We have attained a point where only Intuition can aid us:—but now let me recur to the idea which I have already suggested as that alone which we can properly entertain of intuition. It is but the conviction arising from those inductions or deductions of which the processes are so shadowy as to escape our consciousness, elude our reason, or defy our capacity of expression. With this understanding, I now assert—that an intuition altogether irresistible, although inexpressible, forces me to the conclusion that what God originally created—that that Matter which, by dint of his Volition, he first made from his Spirit, or from Nihility, could have been nothing but Matter in its utmost conceivable state of——what?—of Simplicity?

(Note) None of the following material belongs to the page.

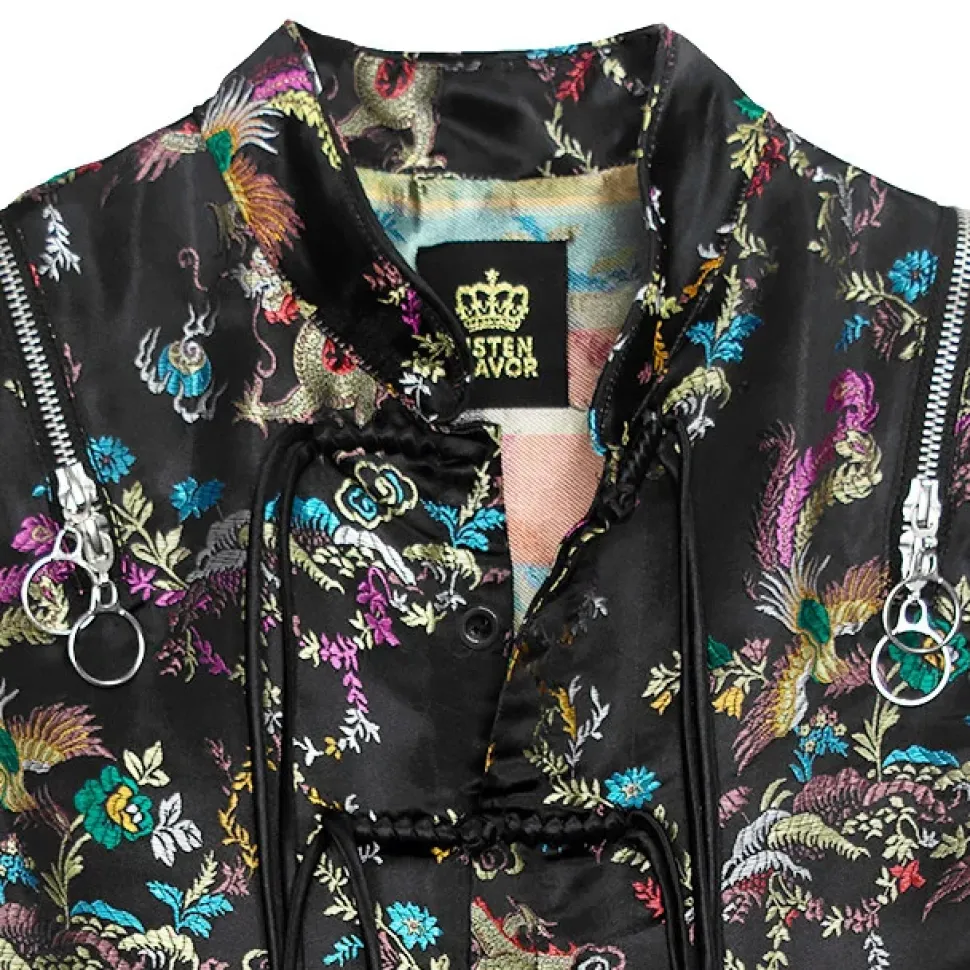 LISTEN FLAVOR Dragon China Brocade Shirt Black Dragon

This will be found the sole absolute assumption of my Discourse. I use the word “assumption” in its ordinary sense; yet I maintain that even this my primary proposition, is very, very far indeed, from being really a mere assumption. Nothing was ever more certainly—no human conclusion was ever, in fact, more regularly—more rigorously deduced:—but, alas! the processes lie out of the human analysis—at all events are beyond the utterance of the human tongue.
Let us now endeavor to conceive what Matter must be, when, or if, in its absolute extreme of Simplicity. Here the Reason flies at once to Imparticularity—to a particle—to one particle—a particle of one kind—of one character—of one nature—of one size—of one form—a particle, therefore, “without form and void”—a particle positively a particle at all points—a particle absolutely unique, individual, undivided, and not indivisible only because He who created it, by dint of his Will, can by an infinitely less energetic exercise of the same Will, as a matter of course, divide it.

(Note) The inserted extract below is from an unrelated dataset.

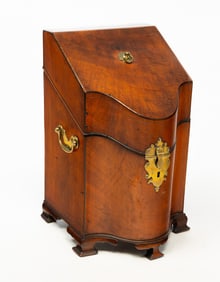 GEORGE III FIGURED MAHOGANY AND MARQUETRY KNIFE BOX.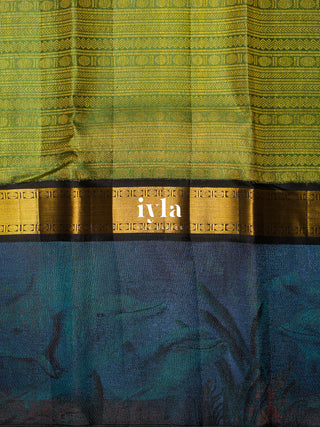 the Ocean Odyssey Kanjeevaram in Peridot Green 🌊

Oneness, then, is all that I predicate of the originally created Matter; but I propose to show that this Oneness is a principle abundantly sufficient to account for the constitution, the existing phænomena and the plainly inevitable annihilation of at least the material Universe.
The willing into being the primordial particle, has completed the act, or more properly the conception, of Creation. We now proceed to the ultimate purpose for which we are to suppose the Particle created—that is to say, the ultimate purpose so far as our considerations yet enable us to see it—the constitution of the Universe from it, the Particle.
This constitution has been effected by forcing the originally and therefore normally One into the abnormal condition of Many. An action of this character implies rëaction. A diffusion from Unity, under the conditions, involves a tendency to return into Unity—a tendency ineradicable until satisfied. But on these points I will speak more fully hereafter.
The assumption of absolute Unity in the primordial Particle includes that of infinite divisibility. Let us conceive the Particle, then, to be only not totally exhausted by diffusion into Space. From the one Particle, as a centre, let us suppose to be irradiated spherically—in all directions—to immeasurable but still to definite distances in the previously vacant space—a certain inexpressibly great yet limited number of unimaginably yet not infinitely minute atoms.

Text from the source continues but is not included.